Лютеранская теология часто подвергалась критике за игнорирование добрых дел как таковых, или, по меньшей мере, за преуменьшение их важности. Однако это проистекает из неверного понимания взгляда Лютера, причиной которого иногда были сами лютеране. Лютер не исключал добрые дела из жизни христианина, и даже подчеркивал их важность. В результате провозглашения оправдания одной только верой Лютер столкнулся с риторическим вопросом, похожим на тот, который поднимает Павел в шестой главе Послания к римлянам: «Оставаться ли нам в грехе, чтобы умножилась благодать?" В случае Лютера вопрос был освящен в его трактате «О свободе христианина» от 1520 года: «Если вера делает все и она одна важна для праведности, почему тогда нам заповедованы добрые дела? Давайте не будем утруждаться, оставим все добрые дела и удовлетворимся верой». Это было бы правильно, продолжал Лютер, если бы мы были духовно совершенны и не подвластны влиянию грехов других людей. Но такими мы будем только в «последний день».[4] В земной жизни мы остаемся, согласно известному изречению лютеран, simul justus et peccator, т.е оправданы и в то же время грешны. Вот, где начинаются дела, ибо до скончания века мы обязаны управлять нашим телом и общаться с другими людьми. Однако Лютер тут же напоминает своим читателям, что «совершая добрые дела…, мы не должны думать, что ими /человек/ оправдывается перед Богом». Мы совершаем добрые дела не ради награды, но исключительно из «непосредственной искренней любви повиноваться Богу».

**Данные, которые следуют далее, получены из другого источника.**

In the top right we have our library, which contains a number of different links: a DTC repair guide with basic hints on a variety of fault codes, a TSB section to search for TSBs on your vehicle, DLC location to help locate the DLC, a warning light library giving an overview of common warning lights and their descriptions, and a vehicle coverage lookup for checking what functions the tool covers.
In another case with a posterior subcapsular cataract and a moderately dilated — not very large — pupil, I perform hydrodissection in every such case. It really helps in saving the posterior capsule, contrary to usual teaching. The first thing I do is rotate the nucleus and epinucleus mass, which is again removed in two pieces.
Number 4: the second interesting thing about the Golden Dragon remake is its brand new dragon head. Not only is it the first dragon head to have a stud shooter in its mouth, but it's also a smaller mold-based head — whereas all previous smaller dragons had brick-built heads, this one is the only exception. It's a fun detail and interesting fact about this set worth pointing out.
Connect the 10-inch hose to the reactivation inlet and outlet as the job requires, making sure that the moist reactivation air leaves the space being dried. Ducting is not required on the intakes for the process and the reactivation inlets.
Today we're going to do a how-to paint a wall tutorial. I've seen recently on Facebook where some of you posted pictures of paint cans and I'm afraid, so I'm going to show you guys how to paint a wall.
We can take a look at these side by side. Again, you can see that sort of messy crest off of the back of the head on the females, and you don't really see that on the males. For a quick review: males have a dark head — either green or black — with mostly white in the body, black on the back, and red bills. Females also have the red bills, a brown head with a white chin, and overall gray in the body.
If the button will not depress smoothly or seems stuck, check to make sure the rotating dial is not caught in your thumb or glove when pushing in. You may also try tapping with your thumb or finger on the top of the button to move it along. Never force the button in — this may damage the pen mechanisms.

Лютер иллюстрирует это очень важное замечание на примере Адама и Евы до их грехопадения. Бог сотворил Адама и Еву праведными и без греха. Но Бог поставил перед ними задачу - возделывать и хранить Эдем (Быт. 2,15). Они выполняли эту работу не ради награды или оправдания. Они не нуждались в оправдании или в чем бы то ни было еще. Они делали свою работу добровольно, из любви к Богу.[5] То же и с христианами, которые через веру определенным образом «восстановлены в Раю и рождены заново». Те, кто верует в Иисуса Христа, уже оправданы. Добрые дела, которые они делают, важны и необходимы, но они делают их не для обретения спасения. Подобно Адаму и Еве, они делают добрые дела из любви к Богу.[6]

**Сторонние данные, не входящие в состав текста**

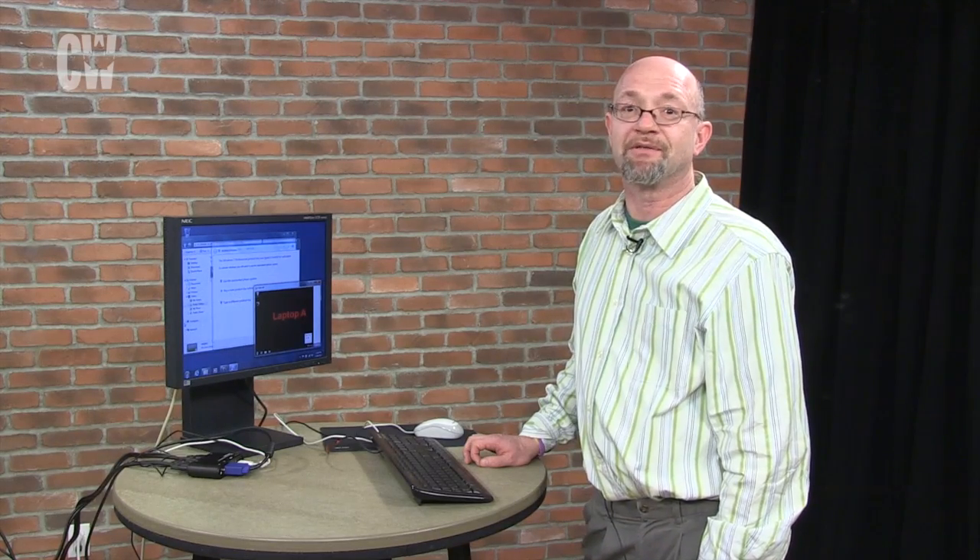The build quality isn't very solid. We had a drop which knocked the toggle switch out of place and we had to remove the front bezel to retrieve it.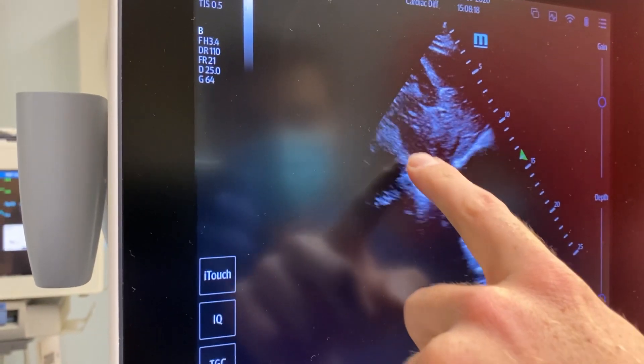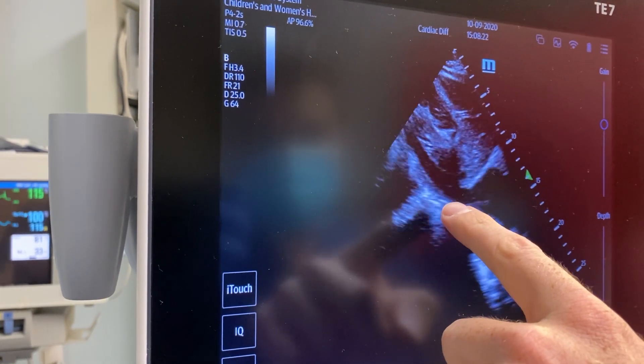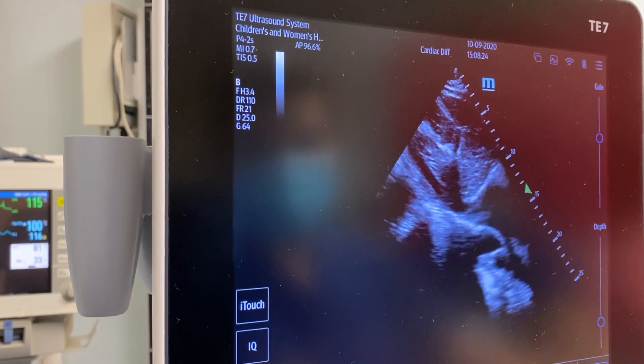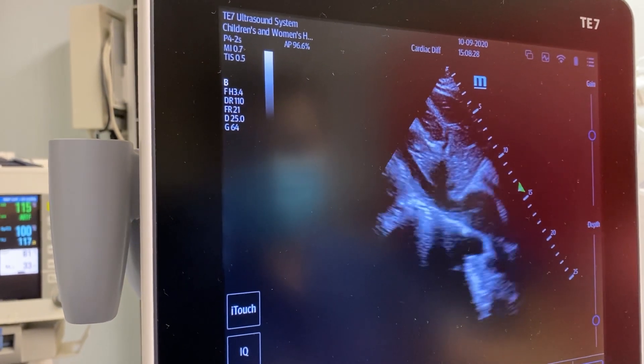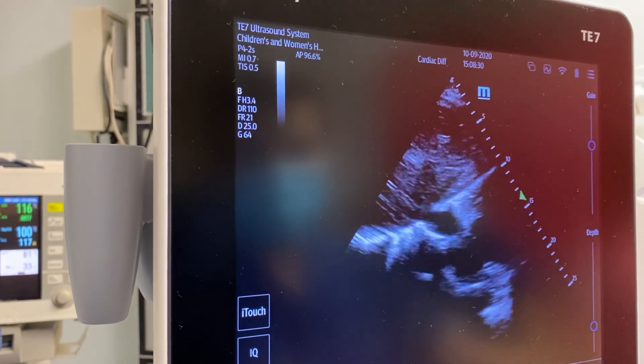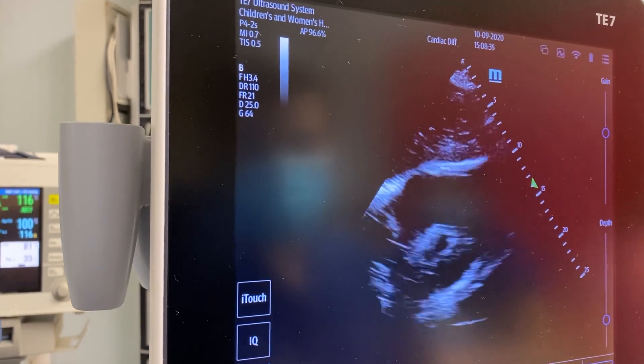There's a right atrium right there, and there's my IVC, and it's collapsing a little bit. So we can give him some more fluid — or at least he can take more fluid. We'll go ahead and give him another liter, and his heart squeeze and everything looked pretty normal.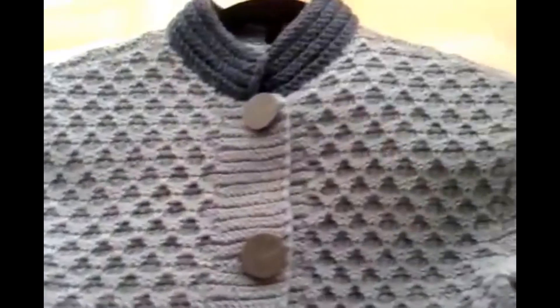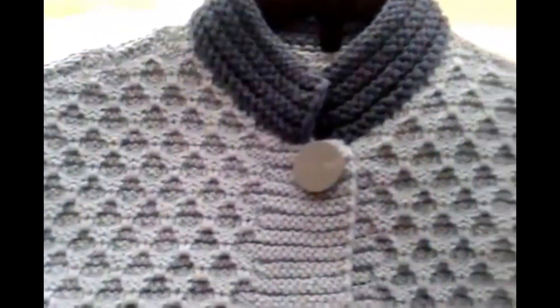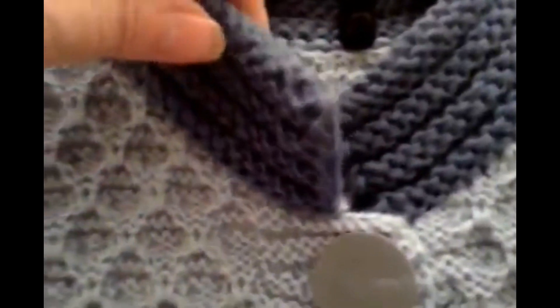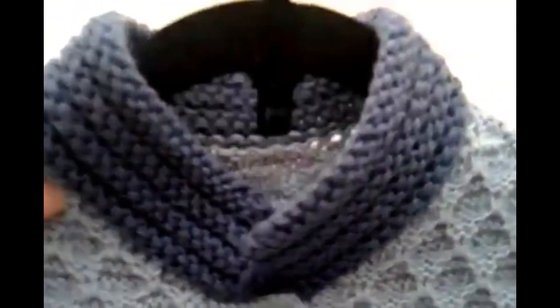Сейчас я вам покажу и расскажу, как я вязала. Здесь узор — ромбики. Потом в узорах вы можете увидеть, как этот узор вяжется. Я там буду делать подписи: по какому изделию, какой узор. Воротник — стоечка. Обратите внимание, очень хорошо лежит данный воротник. Видите?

Наряду с этим образом Лютер использовал еще один библейский образ, образ плодового дерева из 7 главы Евангелия от Матфея (16-19). Дерево хорошее не потому, что приносит хорошие плоды. Оно приносит хорошие плоды, потому что это хорошее дерево. «Так пусть тот, - писал Лютер, - кто собирается делать добрые дела, начинает не с них, но с веры, которая делает человека добрым. Ибо ничто не делает /человека/ добрым, кроме веры, как и плохим – кроме неверия».[7]

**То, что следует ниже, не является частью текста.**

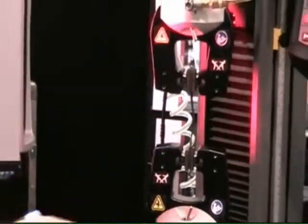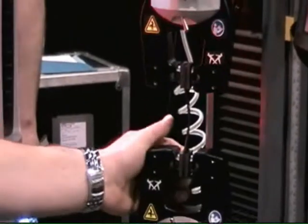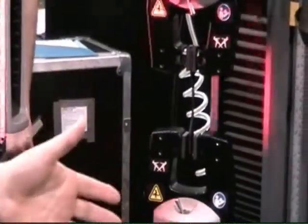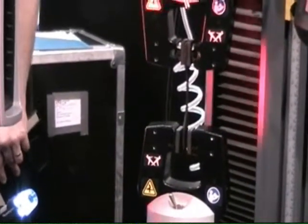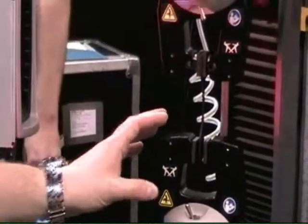So you can fit thicker specimens in. There's more area in the throat to actually get your hands in there to load your specimen. Another important feature is that while there's more ability to get the bigger specimens in there, there's more risk of potentially getting your fingers pinched. So we've added a lot of protective features.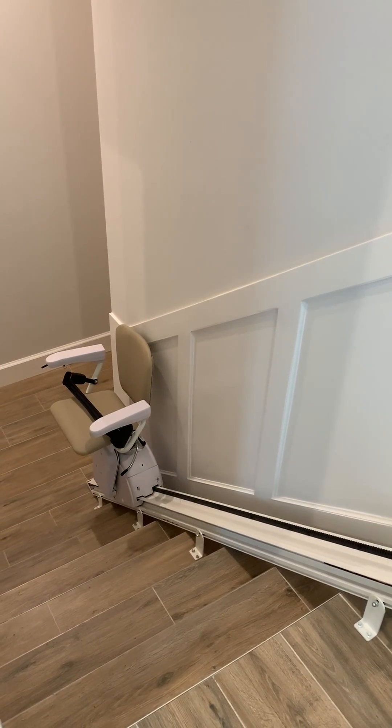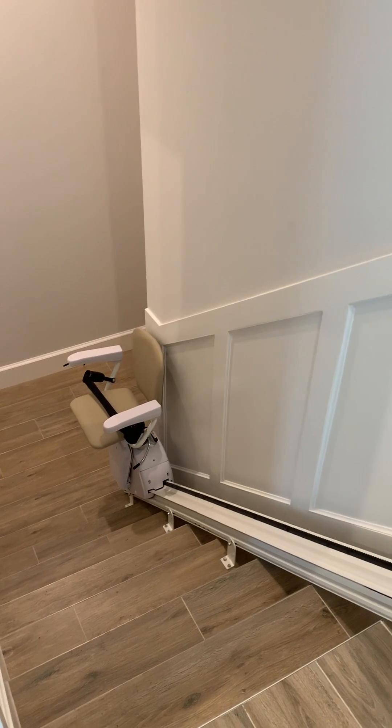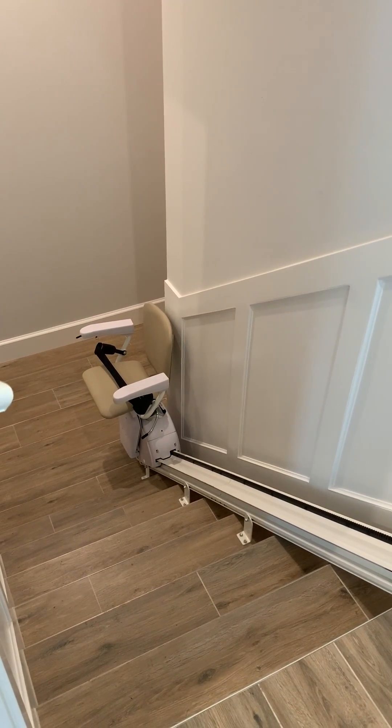So this is our stair chair. We'll wait for it to get to the bottom of the landing. And that's as simple as it is. Down there, you can unbuckle and assist as you need. So that's our stair chair. Thanks, guys.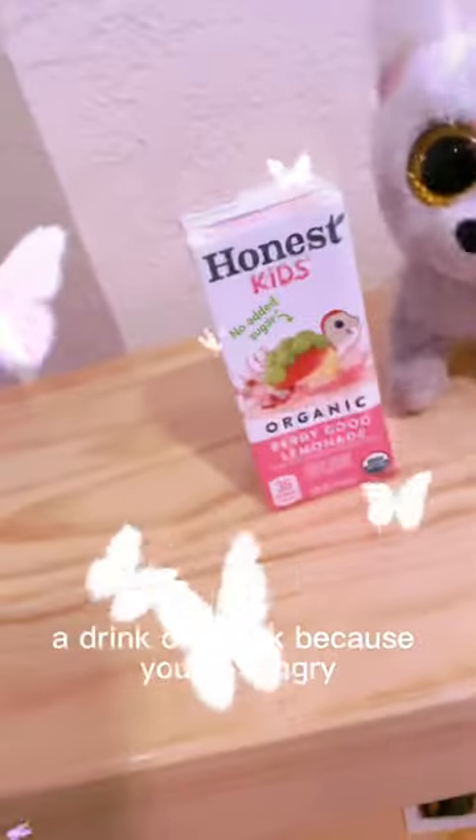And the most important one: a drink or snack in case you're hungry.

Более того, Лютер говорит, что добрые дела, которые мы делаем ради других, определенным образом подобны тому, что Христос сделал ради нас. Мы не должны задумываться над тем, заслуживает ли человек, чтобы мы сделали ему что-то хорошее, или нет, точно так же, как Христос не думал о наших заслугах. Он умер за нас, когда мы еще были врагами Божьими (Рим. 5,10). «Поэтому, - писал Лютер, - мы не должны ни различать врагов и друзей, ни ждать от них благодарности или неблагодарности». Таким образом, продолжал он, мы становимся «Христами друг для друга».[8]

В Аугсбургском вероисповедании от 1530 года в принципе отражено то же самое понимание оправдания, что было представлено Лютером десятилетием раньше. Его главной отличительной чертой от работ Лютера был примирительный тон, который получило исповедание благодаря его главному автору Филиппу Меланхтону. Центральным учением этого исповедания стал четвертый Артикул «Об оправдании»:

«Наши Церкви учат, что люди не могут оправдаться пред Богом собственными силами, заслугами или делами, но они оправдываются даром ради Христа, верой, когда они веруют, что принимаются с благосклонностью, и что их грехи прощены ради Христа, Который Своей смертью искупил наши грехи. Эту веру Бог вменяет нам в праведность перед Ним (о чем сказано в Рим. 3,4)».[9]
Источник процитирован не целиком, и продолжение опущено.